I started my application for the Fellowship on a whim but wanted to know what it would be like so I volunteered in my friend's class who was in her first year of the Fellowship.
It completely changed my mind. Any inclination I had to apply vanished instantly after visiting her class and witnessing how tough it was. My recruiter was determined to get me to finish my application though and I did. The process continued and in a few months, I had the Fellowship offer letter in my hand.
I accepted and since then nothing has come easy. Our schedule, the problems we face at school, building relationships, understanding my students, learning new skills, choosing to be optimistic after every terrible day- all of it has been tough but it has also been worth it.
The smiles I see when I walk into class, the joy I feel when my students accomplish something, the happiness we feel together when we look back on how much we’ve grown, makes it all worth it.

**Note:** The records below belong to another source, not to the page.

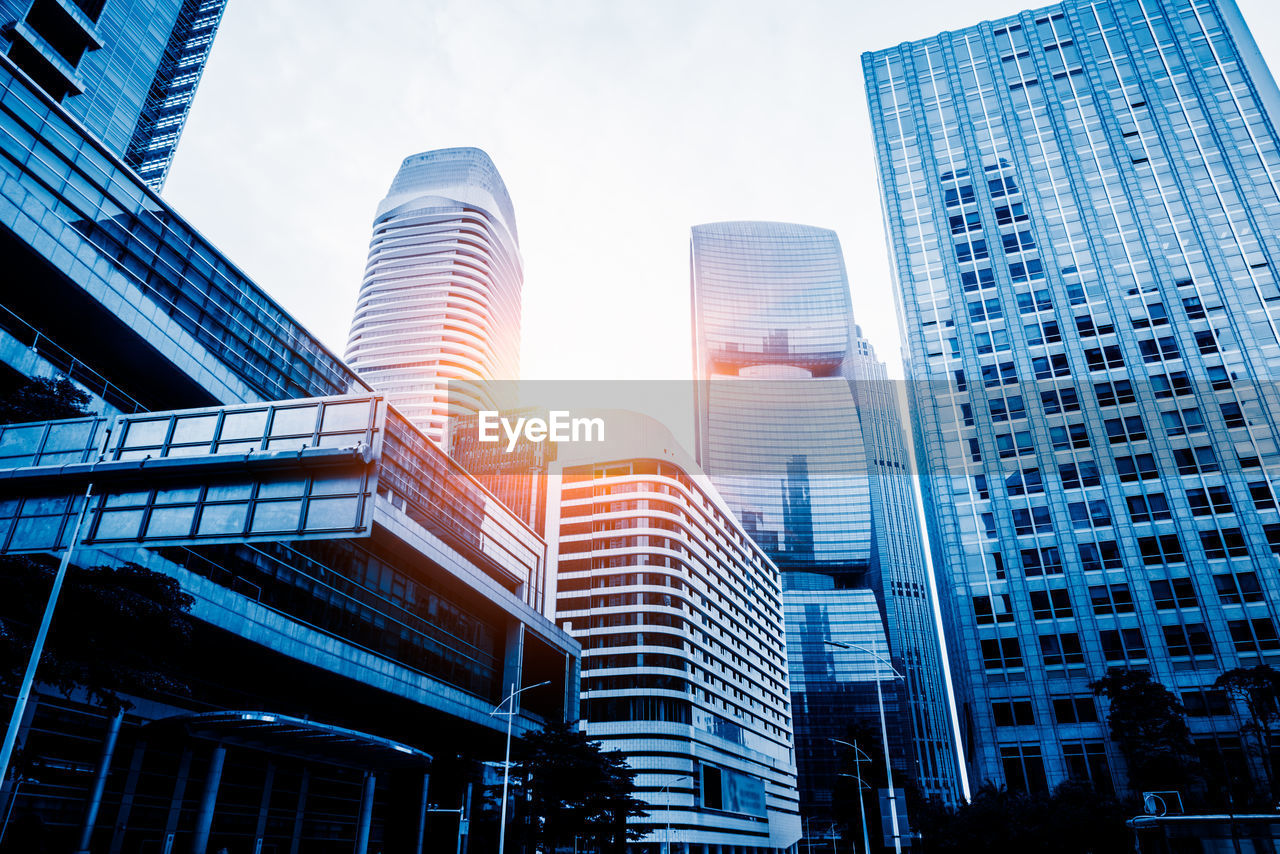 LOW ANGLE VIEW OF BUILDINGS IN CITY AGAINST SKY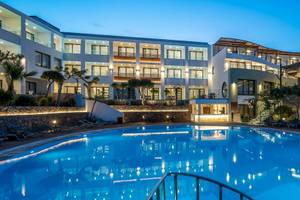 Arminda Hotel & Spa bei Nacht mit beleuchtetem Außenpool und Loungestühlen.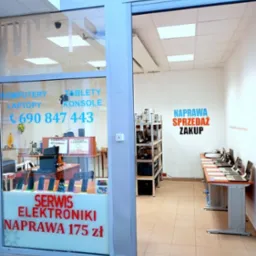 Wnętrze punktu naprawy elektroniki z ofertą: komputery, laptopy, tablety, konsole. Widoczne stanowiska serwisowe i półki z podzespołami. Oferta cenowa na szybie.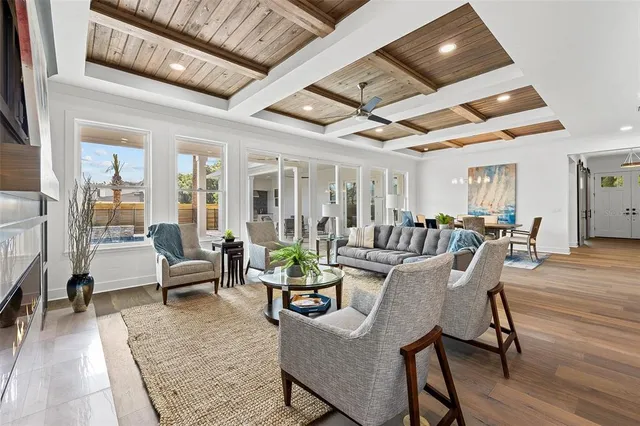 a living room with furniture and wooden floors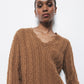 Maglione in lana a trecce con scollo a V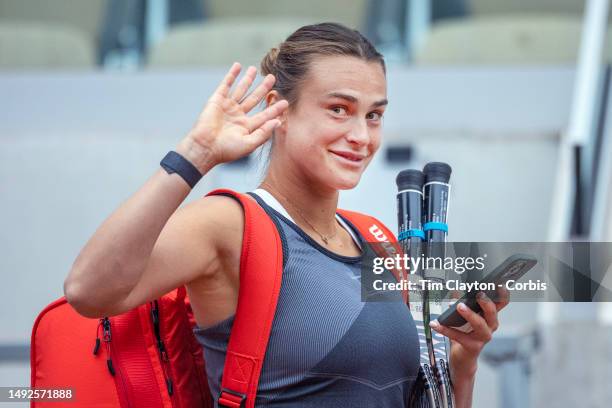 Aryna Sabalenka of Belarus waves to photographers as she arrives for practice on Court Suzanne Lenglen in preparation for the 2023 French Open Tennis...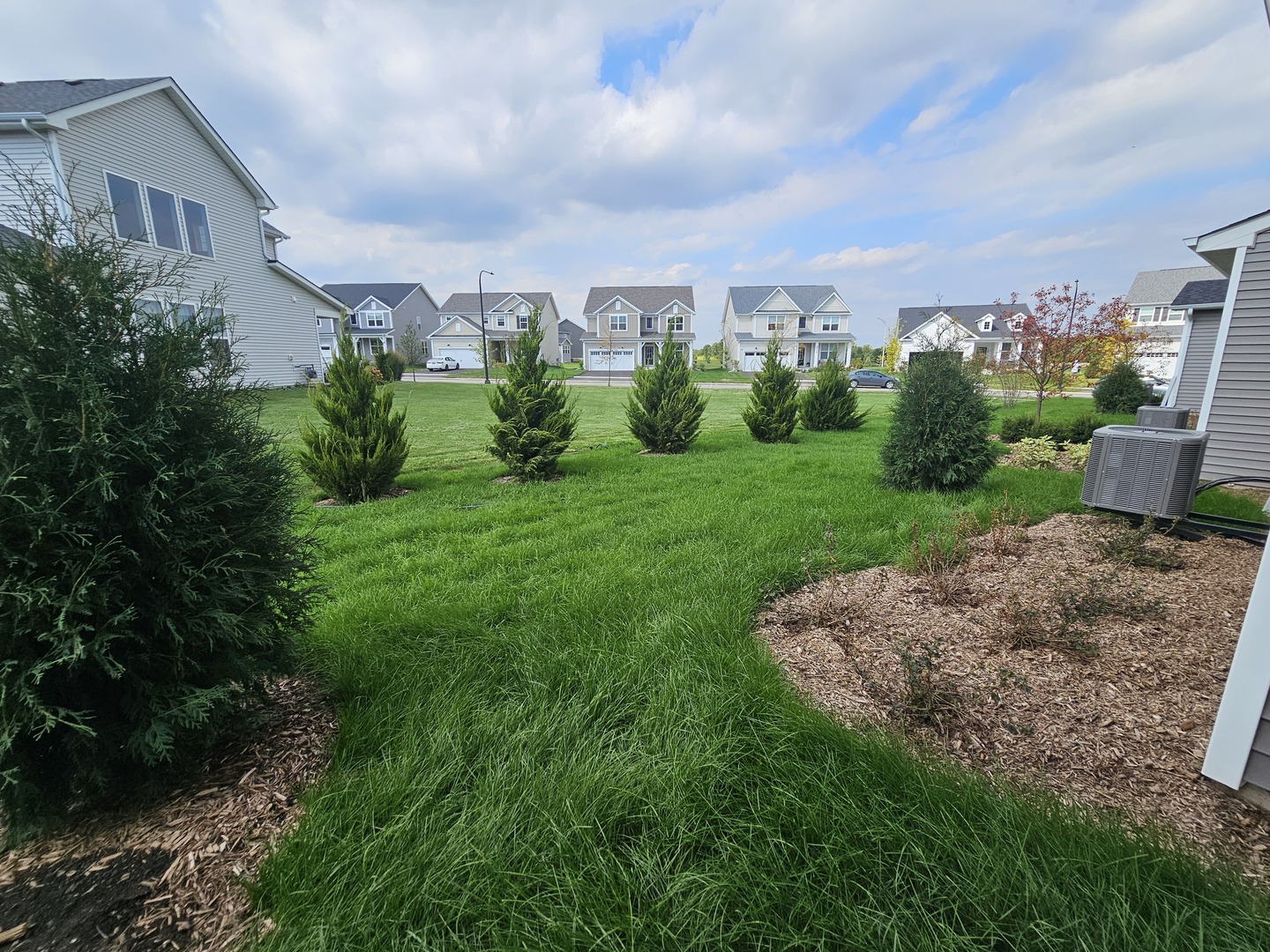 5954 Hawkweed Drive, Unit 5954 Plainfield, IL 60585 - Photo 32 of 35 a view of a garden with a building in the background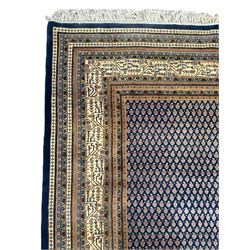 Large North-West Persian Arrak indigo ground carpet, the field decorated all-over with small Boteh motifs, multiple band border decorated with repeating geometric designs 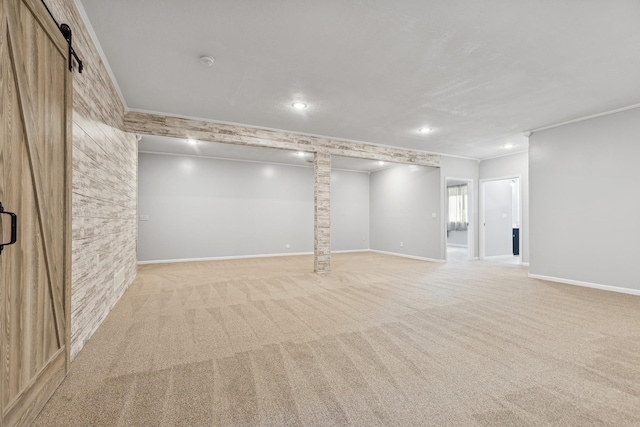 below grade area featuring light carpet, crown molding, and baseboards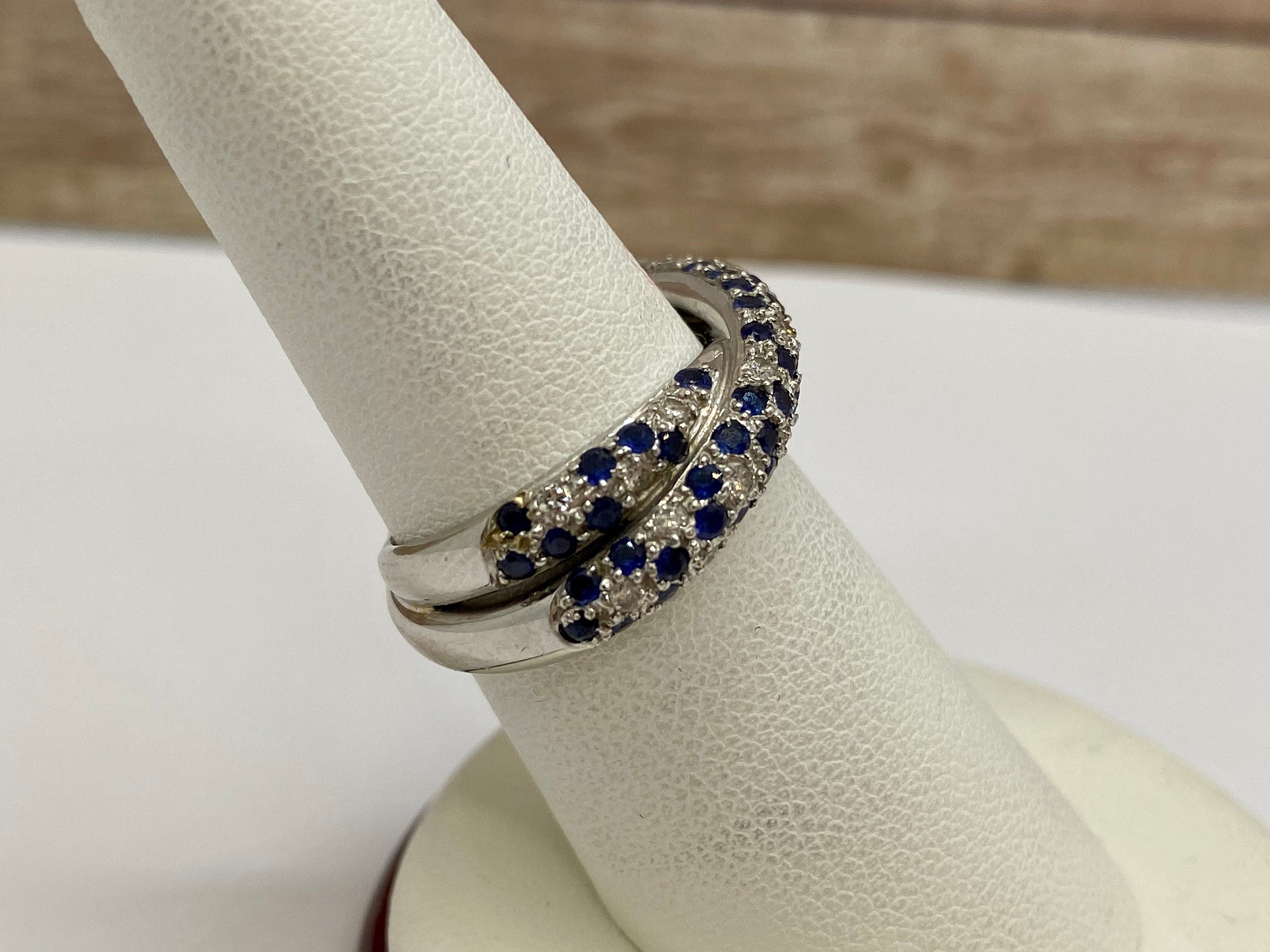 18K White Gold Twisted Ring: Sapphire and Diamond Accent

There have been days when I've had to go to my students houses to bring them to class. I've been cornered for speaking against certain issues in my school. Exam results have made me feel hopeless. My kids' situations at home have made me feel helpless.
The truth is, no two students, situations or days are ever the same. But this is where I learnt to either take everything with a pinch of salt or look for the silver lining. I won't lie, there have been days so difficult that they've broken me but what makes me stay, are my students. Not a day’s gone by when I've felt like I don't want to go to class. They motivate me to keep going.
They're my teachers too and it's only because of them that I'm able to learn about the grassroots reality of millions of people. Through the lockdown as well, access has remained the biggest issue for us; its due to their enthusiasm and desire to learn that I learnt never to underestimate anyone's ability though. They worked so hard to get access to mobile phones whenever they could and to learn to use technology that it pushed me to upskill myself too.
I want to continue to learn about this system in place that is working to change such bleak realities and yet failing. What I don't want is to be one of those people who comments on things that are wrong but does nothing to change any of them. My life is now dedicated to bridging the gap of inequity that exists in our country and I have my students to thank for instilling this desire in me. Our classroom is filled with love and compassion and everyone is welcome to share it.